*What to do:*
Exactly as written, reproduce the lines from the beginning of the data through the line containing "Photo of Patio Balcony in Reitani"; the pictures are not reproduced.

*Data to use:*

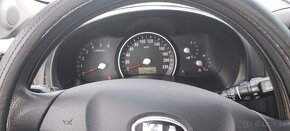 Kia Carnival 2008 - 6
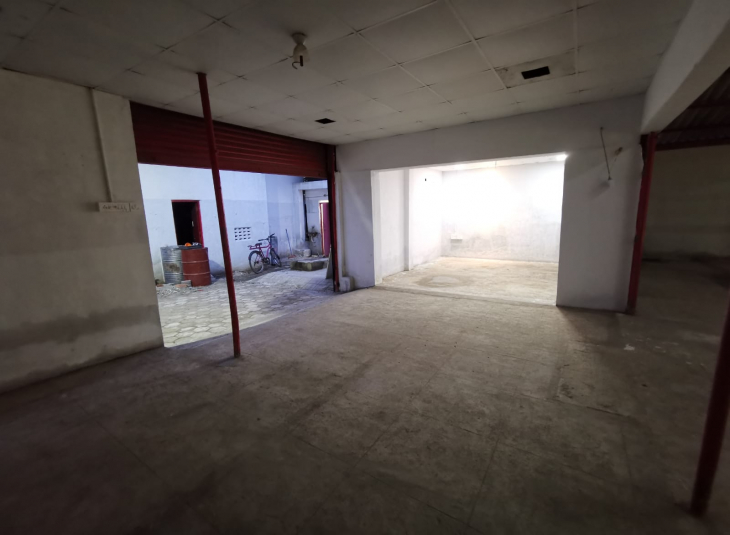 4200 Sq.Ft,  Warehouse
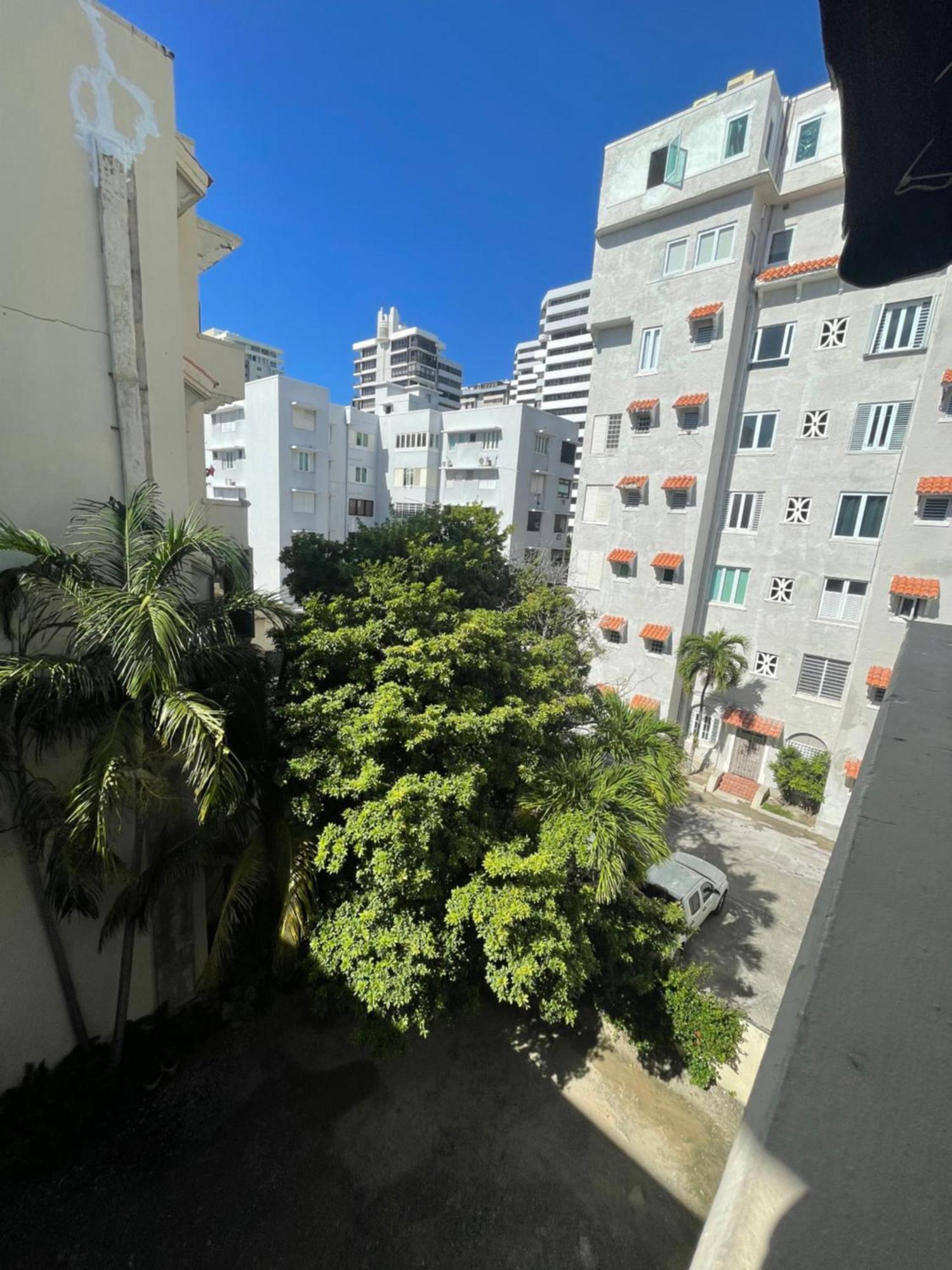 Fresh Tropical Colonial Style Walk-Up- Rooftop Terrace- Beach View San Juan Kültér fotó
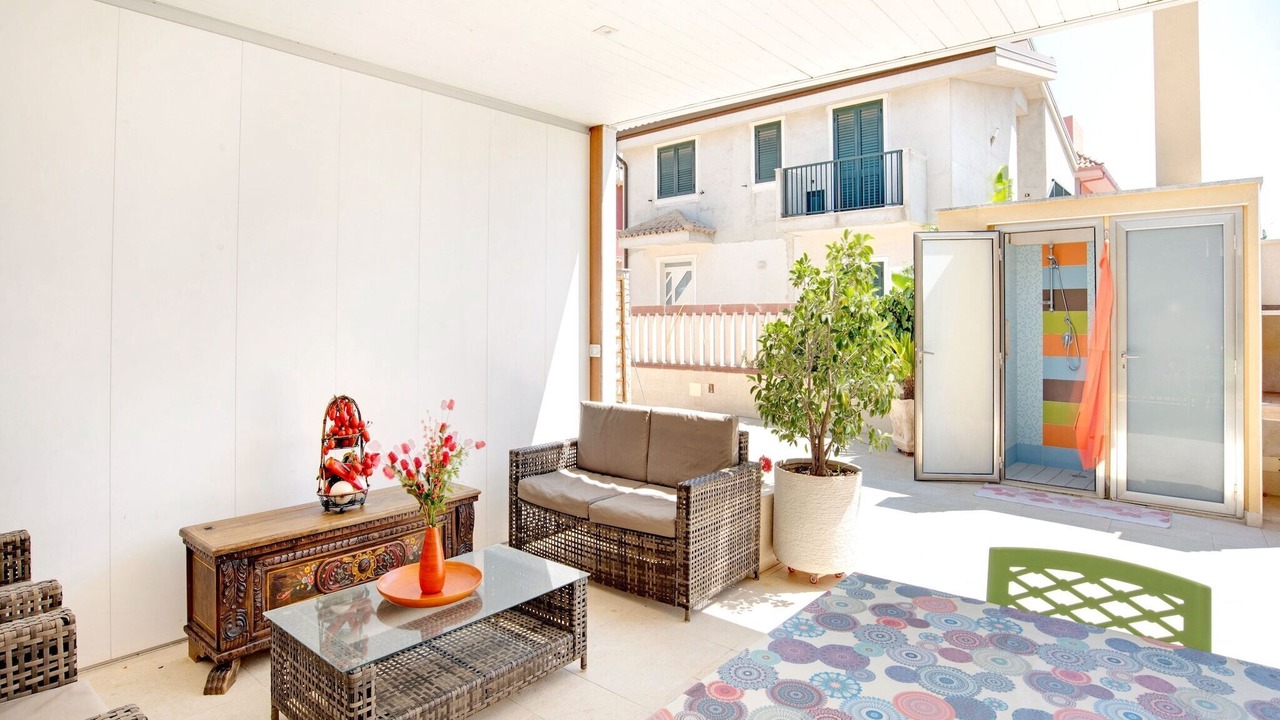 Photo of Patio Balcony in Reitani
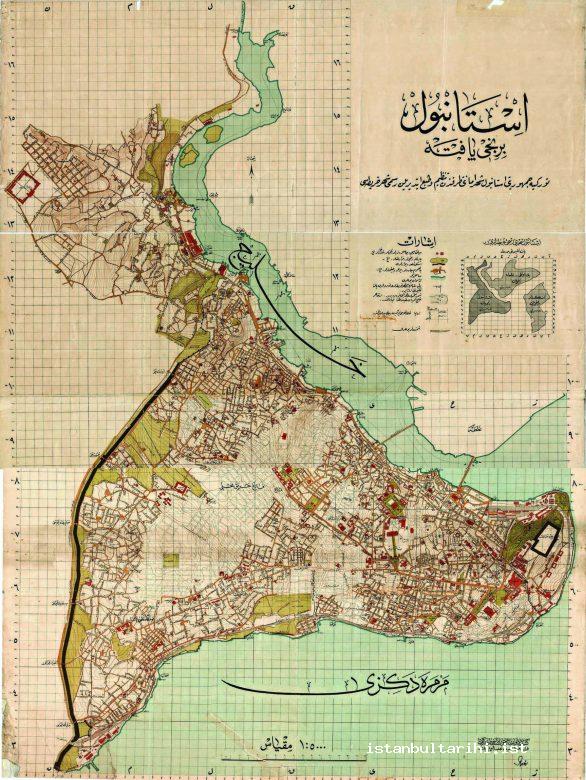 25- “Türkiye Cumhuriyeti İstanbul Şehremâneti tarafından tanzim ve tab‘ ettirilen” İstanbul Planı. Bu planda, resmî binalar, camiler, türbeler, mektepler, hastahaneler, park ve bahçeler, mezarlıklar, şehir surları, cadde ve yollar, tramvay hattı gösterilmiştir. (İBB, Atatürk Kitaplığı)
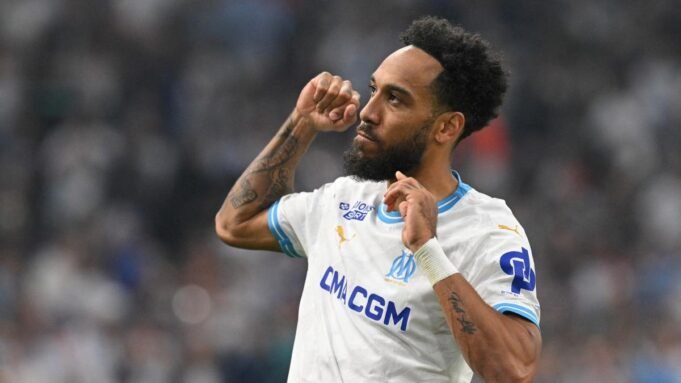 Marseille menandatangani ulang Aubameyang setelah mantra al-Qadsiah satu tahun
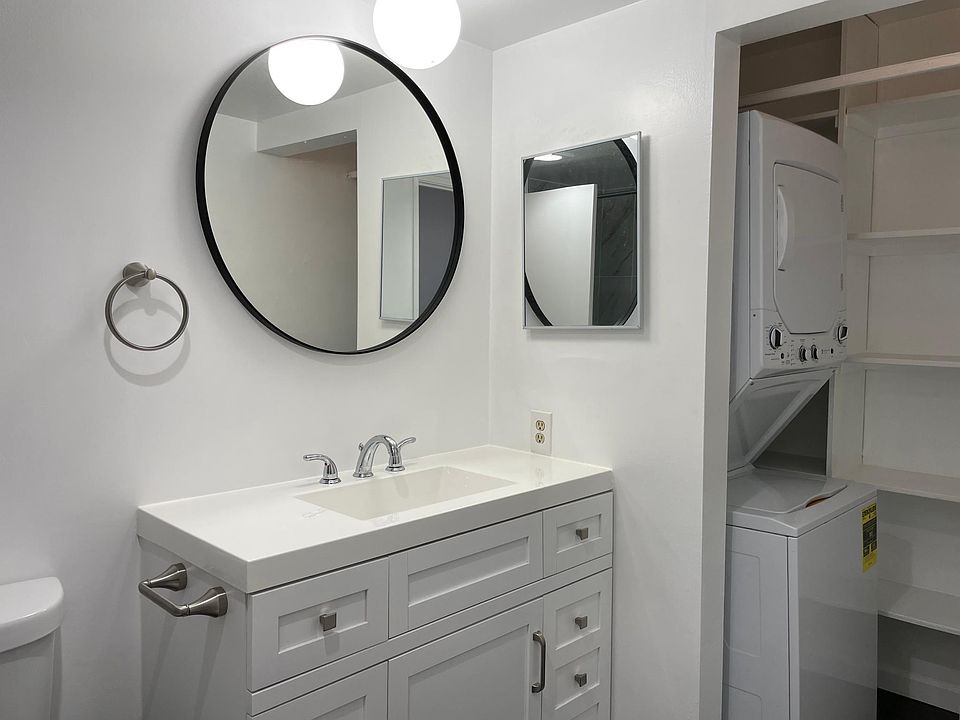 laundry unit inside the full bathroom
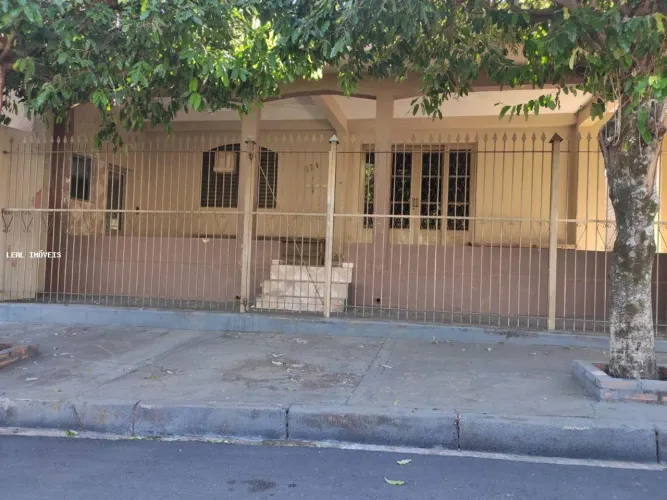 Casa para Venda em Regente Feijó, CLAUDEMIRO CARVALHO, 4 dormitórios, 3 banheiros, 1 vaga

*Reply:*
 Kia Carnival 2008 - 6
 4200 Sq.Ft,  Warehouse
 Fresh Tropical Colonial Style Walk-Up- Rooftop Terrace- Beach View San Juan Kültér fotó
 Photo of Patio Balcony in Reitani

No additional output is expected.